VECTREN CORPORATION AND SUBSIDIARY COMPANIES
NOTES TO THE CONSOLIDATED FINANCIAL STATEMENTS
1. Organization and Nature of Operations
Vectren Corporation (the Company or Vectren), an Indiana corporation, is an energy holding company headquartered in Evansville, Indiana. The Companys wholly owned subsidiary, Vectren Utility Holdings, Inc. (Utility Holdings or VUHI), serves as the intermediate holding company for three public utilities: Indiana Gas Company, Inc. (Indiana Gas or Vectren Energy Delivery of Indiana - North), Southern Indiana Gas and Electric Company (SIGECO or Vectren Energy Delivery of Indiana - South), and Vectren Energy Delivery of Ohio, Inc. (VEDO). Utility Holdings also has other assets that provide information technology and other services to the three utilities. Utility Holdings consolidated operations are collectively referred to as the Utility Group.

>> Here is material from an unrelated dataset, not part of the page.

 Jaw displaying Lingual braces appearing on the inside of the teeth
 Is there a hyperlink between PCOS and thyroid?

Both Vectren and Utility Holdings are holding companies as defined by the Energy Policy Act of 2005. Vectren was incorporated under the laws of Indiana on June 10, 1999.

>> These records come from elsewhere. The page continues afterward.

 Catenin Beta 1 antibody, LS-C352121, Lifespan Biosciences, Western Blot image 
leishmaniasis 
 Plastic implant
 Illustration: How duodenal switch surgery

Indiana Gas provides energy delivery services to approximately 592,400 natural gas customers located in central and southern Indiana. SIGECO provides energy delivery services to approximately 145,200 electric customers and approximately 111,500 gas customers located near Evansville in southwestern Indiana. SIGECO also owns and operates electric generation assets to serve its electric customers and optimizes those assets in the wholesale power market. Indiana Gas and SIGECO generally do business as Vectren Energy Delivery of Indiana. VEDO provides energy delivery services to approximately 318,100 natural gas customers located near Dayton in west-central Ohio.
The Company, through Vectren Enterprises, Inc. (Enterprises), is involved in nonutility activities in two primary business areas: Infrastructure Services and Energy Services. Infrastructure Services provides underground pipeline construction and repair services. Energy Services provides energy performance contracting and sustainable infrastructure, such as renewables, distributed generation, and combined heat and power projects. Enterprises also has other legacy businesses that have investments in energy-related opportunities and services and other investments. All of the above is collectively referred to as the Nonutility Group. Enterprises supports the Companys regulated utilities by providing infrastructure services.
2. Summary of Significant Accounting Policies
In applying its accounting policies, the Company makes judgments, assumptions, and estimates that affect the amounts reported in these consolidated financial statements and related footnotes. Examples of transactions for which estimation techniques are used include valuing pension and postretirement benefit obligations, deferred tax obligations, unbilled revenue, uncollectible accounts, regulatory assets and liabilities, asset retirement obligations, and derivatives and other financial instruments. Estimates also impact the depreciation of utility and nonutility plant and the testing of goodwill and other assets for impairment. Recorded estimates are revised when better information becomes available or when actual amounts can be determined. Actual results could differ from current estimates.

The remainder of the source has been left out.